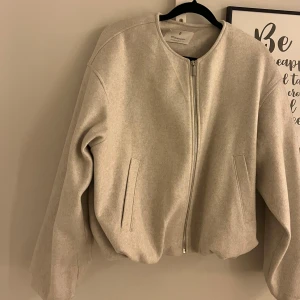Beige bomberjacka från Stradivarius - Säljer en beige bomberjacka från Stradivarius i storlek XS. Köpt i somras och använd fåtal gånger💓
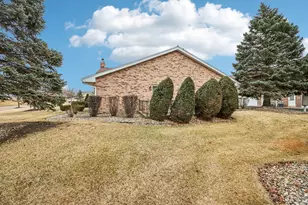 10515 Eagle Ridge Dr, Orland Park, IL 60467 - Photo 5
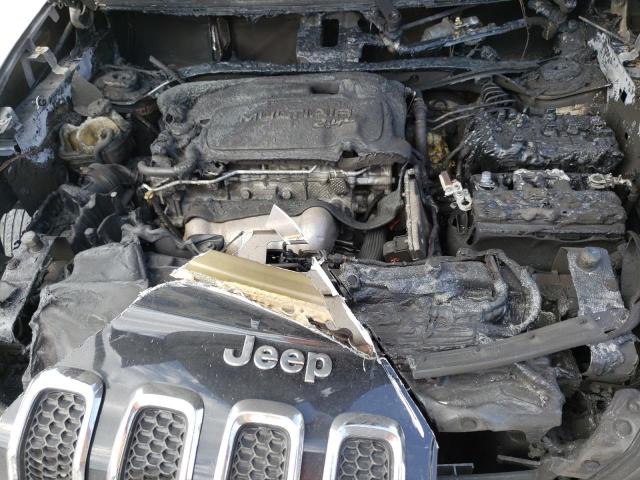 Photo 7 from auction – 2015 JEEP CHEROKEE L with VIN 1C4PJLDB4FW701722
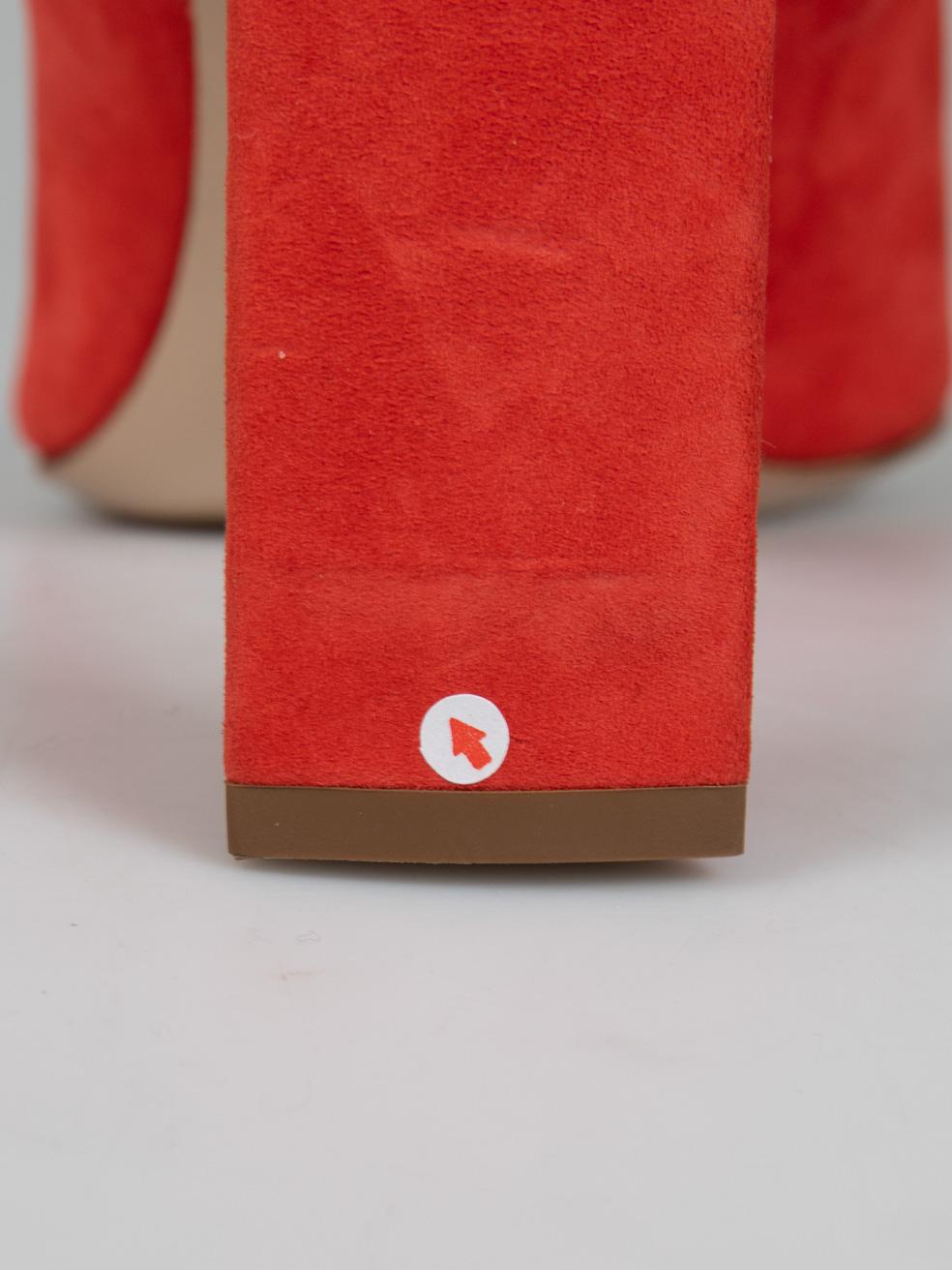 Dior Red Suede Logo Chain Pumps Taglia IT 41 in vendita 4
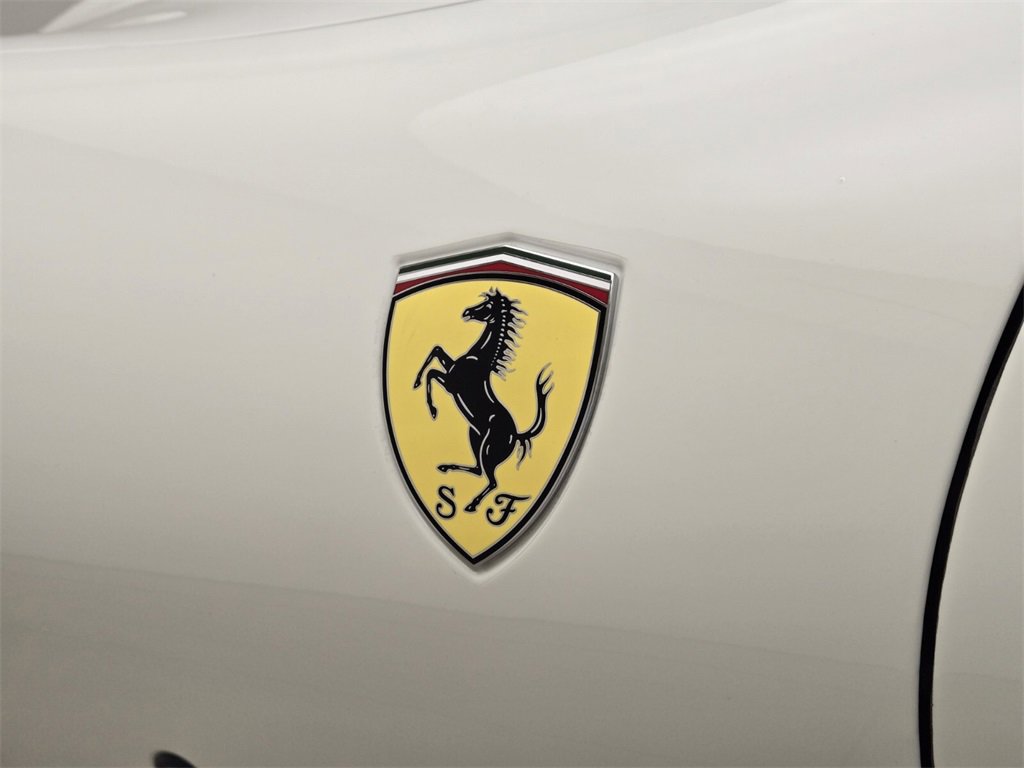 Used 2023 Ferrari Roma image 16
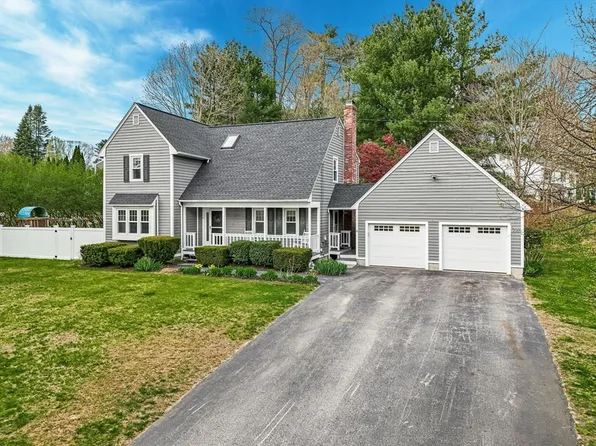 4 Houghton Rd, Sutton, MA 01590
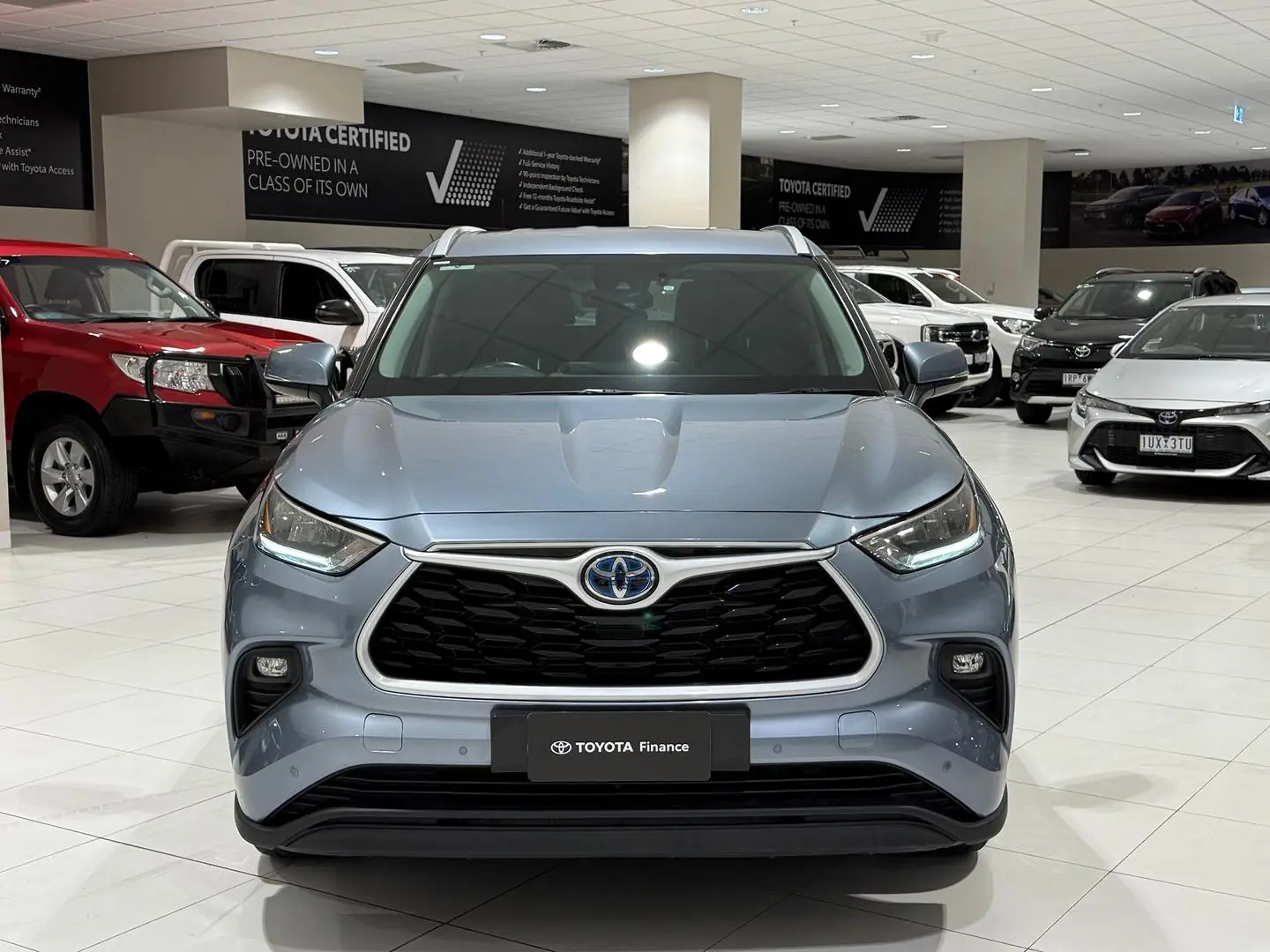 2023 Toyota Kluger Gallery Image 4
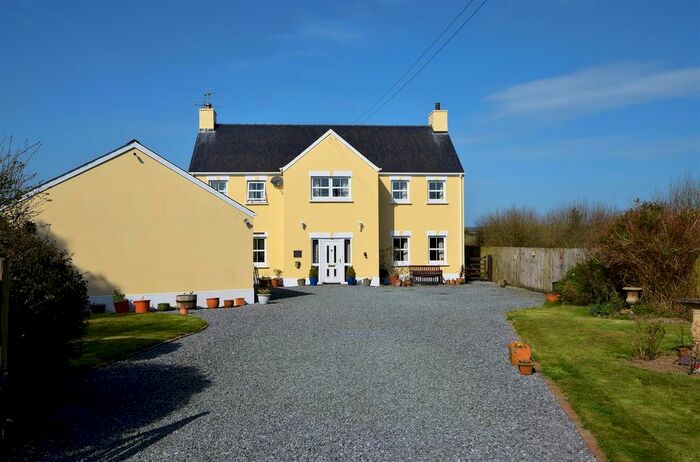 4 Bedroom Detached House For Sale In Manorowen, Fishguard, SA65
=======
-- Problem --
Please return all of the entries word for word, excluding the pictures.

-- Task answer --
Beige bomberjacka från Stradivarius - Säljer en beige bomberjacka från Stradivarius i storlek XS. Köpt i somras och använd fåtal gånger💓
 10515 Eagle Ridge Dr, Orland Park, IL 60467 - Photo 5
 Photo 7 from auction – 2015 JEEP CHEROKEE L with VIN 1C4PJLDB4FW701722
 Dior Red Suede Logo Chain Pumps Taglia IT 41 in vendita 4
 Used 2023 Ferrari Roma image 16
 4 Houghton Rd, Sutton, MA 01590
 2023 Toyota Kluger Gallery Image 4
 4 Bedroom Detached House For Sale In Manorowen, Fishguard, SA65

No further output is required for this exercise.